Oscar Wilde was born in October 1864 and lost a battle with meningitis that forced him into an early grave 46 years later, he lived life was that was full, eventful and flamboyant. The first person to notice that Oscar Wilde was different was Father Prideaux P Fox, a priest in Wicklow County. He said, “I am not sure if she ever became a Catholic herself but it was not long before she asked me to instruct two of her children, one of them being the future erratic genius, Oscar Wilde. After a few weeks, I baptized these two children, Lady Wilde herself being present on the occasion.”
For someone so concerned with beauty, he was less concerned with what others thought of him and more about what he thought of himself and his version of beauty. He was a brilliant writer with just the right touch of eccentricity. He grew his hair long when what was accepted as male appearance wash ort hair and manly looks. It was rumored he once put a lobster on a lease.

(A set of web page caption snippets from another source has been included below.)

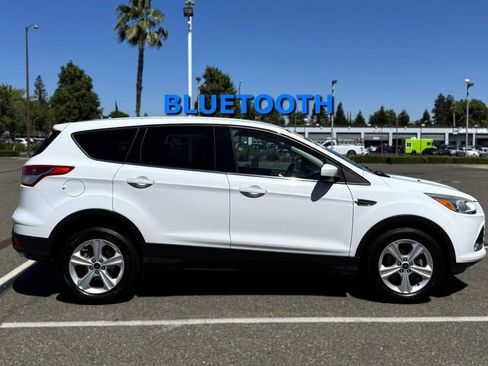 Used 2015 Ford Escape SE FWD image 4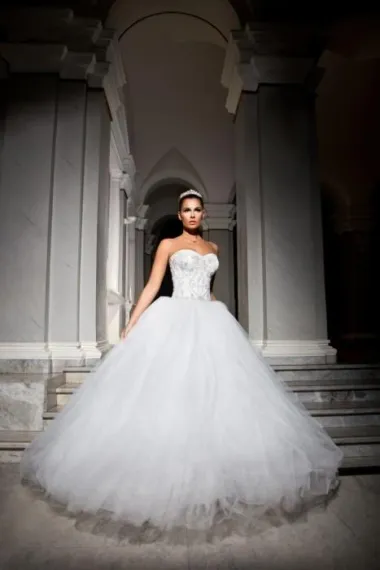 Royal Bride donosi najnovije trendove koji će oduševiti svaku mladu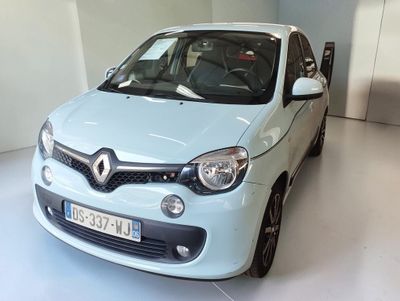 une petite voiture garée dans une pièce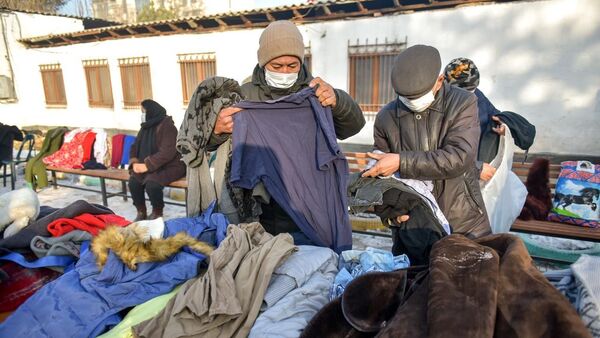 Традиционная акция помощи бездомным Милосердие в Бишкеке - Sputnik Кыргызстан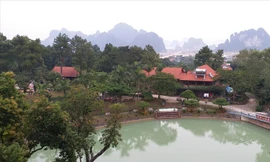 Với danh nghĩa trồng rừng nhưng thực tế dự án chưa hề trồng rừng mà xẻ núi xây “biệt phủ” làm du lịch chui!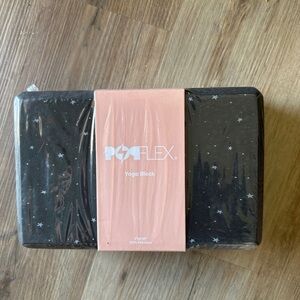 POPFLEX Black Yoga Block with Star Design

Now more than a century after his death he is still celebrated.
2. Edgar Allan Poe
What the poet and writer, Griswold, had called lunacy and madness was Poe’s grief and eccentricity. Edgar Allan Paul was born in January 1809 and died forty years later, a broken man. He is considered to be one of the first artists to indulge in short stories and is seen as the godfather of romanticism. Although he had a financially difficult childhood and some impossible early adult years, it was the Raven that brought him his first big break.

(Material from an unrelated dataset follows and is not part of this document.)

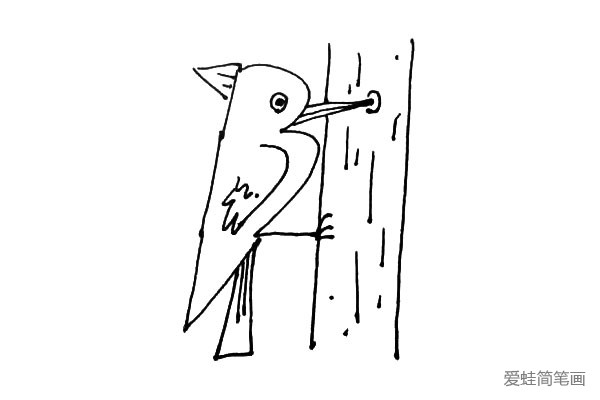 第六步：点上眼睛的黑点，在啄木鸟的身上和树干画上一些装饰线条。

This was short-lived as his wife and cousin died of tuberculosis 2 years later. All his friends and acquittances have described him as a weird man who drank a lot. But his whole world collapsed when his wife died. One thing is very certain of him, he was a genius. He once let himself get court-martialed in an attempt to leave west point. He purposely ignored his duty as a cadet and refused to attend formations and classes. When he was tried, he said he was not guilty while leaving a trail of guilty evidences behind which led to his dismissal.
3. Jack Griffin London
Jack London was popular and unlike most early writers, he made quite a fortune from his work. He was also largely celebrated and an American sweetheart. He was born in January 1876 and although he was a very brilliant fellow, he was not inspired the way most writers were. His writing stemmed from a need to escape poverty and make a name for himself. He would stay in bed for days and obsesses over a particular thing until he finally understood it. He once said he wanted to sell his brain.
4. Graham Greene
He was an English writer born in October 1904 and was quite a legend in the 20th century. He wrote fiction and thriller novels, had two kids and suffered from suicidal fantasies at a very young age. It is recorded that he was also obsessed with numbers which he admitted made everyday life difficult for him. Greene once wrote to his wife that he had a character that was profoundly antagonistic to domestic life. What he called a disease, he also admitted was also the core of his genius.

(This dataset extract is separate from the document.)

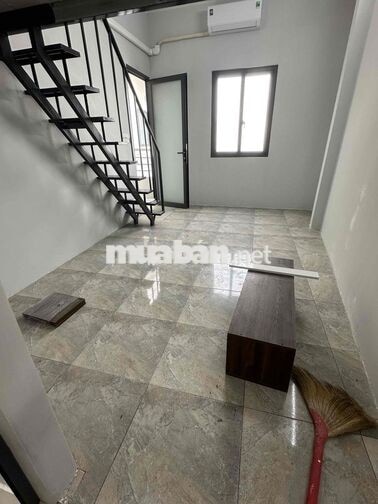 18m2 gác lửng - cửa sổ - nội thất 5.500.000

5. Ernest Miller Hemmingway
He was an American writer who lived in the early to late nineties. Hemmingway was married four times and scholars have sometimes said he showed hints of narcissism. He invented his version of the iceberg theory and he wrote about divorcing one’s emotions. He would later defend that he was talking about the science of emotions. His character in his book, Island in the Stream was a cat he was in love with while in Cuba. He owned about 60 cats in his Cuban estate.
6. Virginia Woolf
Virginia Woolf was weird long before she lost her family and took to paper and ink for survival and companionship. She came out to be a very brilliant and influential writer over time. When she was younger she used to stand on a desk to write and was till the day she died obsessed with the color purple. She later died by putting rocks in her pocket and going for a swim.
It is believed that is because writers hold whole worlds, dimensions, and realities within them. It is hard to have an imagination so great that it begins to manifest into words and stories. Some writers sometimes weave a sequence of events so powerful that they begin to confuse imagination with reality. But perhaps their unique minds are what helps their writing to stand the test of time.